--- Record extracts Enclosed Below ---

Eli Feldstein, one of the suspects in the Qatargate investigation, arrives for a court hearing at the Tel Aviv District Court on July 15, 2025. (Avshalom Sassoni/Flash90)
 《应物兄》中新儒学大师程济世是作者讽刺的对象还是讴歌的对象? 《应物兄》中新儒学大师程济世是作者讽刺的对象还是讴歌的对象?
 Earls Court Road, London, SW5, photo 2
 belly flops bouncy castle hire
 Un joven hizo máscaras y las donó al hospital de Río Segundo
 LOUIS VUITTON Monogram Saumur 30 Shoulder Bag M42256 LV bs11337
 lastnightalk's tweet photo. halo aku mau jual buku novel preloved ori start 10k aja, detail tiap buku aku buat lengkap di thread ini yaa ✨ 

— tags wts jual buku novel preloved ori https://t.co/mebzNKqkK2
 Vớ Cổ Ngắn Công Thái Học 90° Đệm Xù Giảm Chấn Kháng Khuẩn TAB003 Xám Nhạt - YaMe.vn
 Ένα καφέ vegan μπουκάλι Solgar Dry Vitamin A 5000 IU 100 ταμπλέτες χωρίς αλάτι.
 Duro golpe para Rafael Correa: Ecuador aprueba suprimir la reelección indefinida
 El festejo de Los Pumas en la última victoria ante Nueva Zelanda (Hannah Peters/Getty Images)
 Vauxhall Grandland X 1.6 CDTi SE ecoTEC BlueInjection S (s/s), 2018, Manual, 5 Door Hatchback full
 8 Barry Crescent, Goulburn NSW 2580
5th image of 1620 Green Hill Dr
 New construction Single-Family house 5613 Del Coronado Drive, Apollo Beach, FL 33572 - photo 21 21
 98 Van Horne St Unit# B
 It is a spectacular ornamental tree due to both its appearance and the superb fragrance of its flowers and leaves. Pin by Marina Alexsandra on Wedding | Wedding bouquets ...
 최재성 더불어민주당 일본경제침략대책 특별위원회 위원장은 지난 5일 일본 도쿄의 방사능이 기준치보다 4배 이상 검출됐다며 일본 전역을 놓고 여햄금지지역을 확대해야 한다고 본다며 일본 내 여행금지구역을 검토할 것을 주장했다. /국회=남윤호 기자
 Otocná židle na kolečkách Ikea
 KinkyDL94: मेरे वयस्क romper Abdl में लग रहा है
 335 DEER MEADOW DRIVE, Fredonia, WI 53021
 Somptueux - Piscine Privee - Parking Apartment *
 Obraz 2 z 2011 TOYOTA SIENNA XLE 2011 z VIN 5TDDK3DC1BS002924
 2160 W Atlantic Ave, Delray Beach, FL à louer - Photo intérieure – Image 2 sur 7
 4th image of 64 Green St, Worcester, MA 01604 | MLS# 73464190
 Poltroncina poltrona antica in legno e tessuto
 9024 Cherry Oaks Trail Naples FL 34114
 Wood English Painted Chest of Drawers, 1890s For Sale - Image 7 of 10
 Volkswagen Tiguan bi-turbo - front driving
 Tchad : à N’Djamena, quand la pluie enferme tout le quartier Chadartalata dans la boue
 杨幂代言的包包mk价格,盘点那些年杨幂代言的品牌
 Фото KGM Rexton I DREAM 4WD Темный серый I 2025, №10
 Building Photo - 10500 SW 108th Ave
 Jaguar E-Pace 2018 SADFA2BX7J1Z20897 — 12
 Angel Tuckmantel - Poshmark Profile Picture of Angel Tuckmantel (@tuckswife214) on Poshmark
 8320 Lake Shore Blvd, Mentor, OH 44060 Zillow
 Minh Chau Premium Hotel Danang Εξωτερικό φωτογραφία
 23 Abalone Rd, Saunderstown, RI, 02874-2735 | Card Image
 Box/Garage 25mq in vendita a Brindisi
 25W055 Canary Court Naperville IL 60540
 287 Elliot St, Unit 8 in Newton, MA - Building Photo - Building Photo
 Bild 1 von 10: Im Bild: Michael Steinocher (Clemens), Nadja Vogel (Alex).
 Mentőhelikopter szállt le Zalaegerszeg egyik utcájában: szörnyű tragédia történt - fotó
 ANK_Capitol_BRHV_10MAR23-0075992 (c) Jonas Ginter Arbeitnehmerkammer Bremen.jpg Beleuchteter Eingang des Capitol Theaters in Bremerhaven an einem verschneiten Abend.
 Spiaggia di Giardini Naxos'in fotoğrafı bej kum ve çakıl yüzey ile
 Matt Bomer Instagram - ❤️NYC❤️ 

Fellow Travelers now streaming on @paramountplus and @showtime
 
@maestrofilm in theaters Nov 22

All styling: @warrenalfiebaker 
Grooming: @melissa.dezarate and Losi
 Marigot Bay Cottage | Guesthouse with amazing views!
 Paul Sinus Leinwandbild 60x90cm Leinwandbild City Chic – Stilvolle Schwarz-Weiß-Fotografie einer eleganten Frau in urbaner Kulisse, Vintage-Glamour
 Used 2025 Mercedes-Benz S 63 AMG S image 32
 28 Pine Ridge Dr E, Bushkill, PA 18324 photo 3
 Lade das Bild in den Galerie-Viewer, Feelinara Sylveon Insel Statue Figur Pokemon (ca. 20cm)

--- End of Enclosed Record extracts ---

Exercise requirements
Using the data above, repeat exactly the lines that begin at the line with "Vớ Cổ Ngắn Công" and end at the line with "Wood English Painted", both ends included.

Answer section
 Vớ Cổ Ngắn Công Thái Học 90° Đệm Xù Giảm Chấn Kháng Khuẩn TAB003 Xám Nhạt - YaMe.vn
 Ένα καφέ vegan μπουκάλι Solgar Dry Vitamin A 5000 IU 100 ταμπλέτες χωρίς αλάτι.
 Duro golpe para Rafael Correa: Ecuador aprueba suprimir la reelección indefinida
 El festejo de Los Pumas en la última victoria ante Nueva Zelanda (Hannah Peters/Getty Images)
 Vauxhall Grandland X 1.6 CDTi SE ecoTEC BlueInjection S (s/s), 2018, Manual, 5 Door Hatchback full
 8 Barry Crescent, Goulburn NSW 2580
5th image of 1620 Green Hill Dr
 New construction Single-Family house 5613 Del Coronado Drive, Apollo Beach, FL 33572 - photo 21 21
 98 Van Horne St Unit# B
 It is a spectacular ornamental tree due to both its appearance and the superb fragrance of its flowers and leaves. Pin by Marina Alexsandra on Wedding | Wedding bouquets ...
 최재성 더불어민주당 일본경제침략대책 특별위원회 위원장은 지난 5일 일본 도쿄의 방사능이 기준치보다 4배 이상 검출됐다며 일본 전역을 놓고 여햄금지지역을 확대해야 한다고 본다며 일본 내 여행금지구역을 검토할 것을 주장했다. /국회=남윤호 기자
 Otocná židle na kolečkách Ikea
 KinkyDL94: मेरे वयस्क romper Abdl में लग रहा है
 335 DEER MEADOW DRIVE, Fredonia, WI 53021
 Somptueux - Piscine Privee - Parking Apartment *
 Obraz 2 z 2011 TOYOTA SIENNA XLE 2011 z VIN 5TDDK3DC1BS002924
 2160 W Atlantic Ave, Delray Beach, FL à louer - Photo intérieure – Image 2 sur 7
 4th image of 64 Green St, Worcester, MA 01604 | MLS# 73464190
 Poltroncina poltrona antica in legno e tessuto
 9024 Cherry Oaks Trail Naples FL 34114
 Wood English Painted Chest of Drawers, 1890s For Sale - Image 7 of 10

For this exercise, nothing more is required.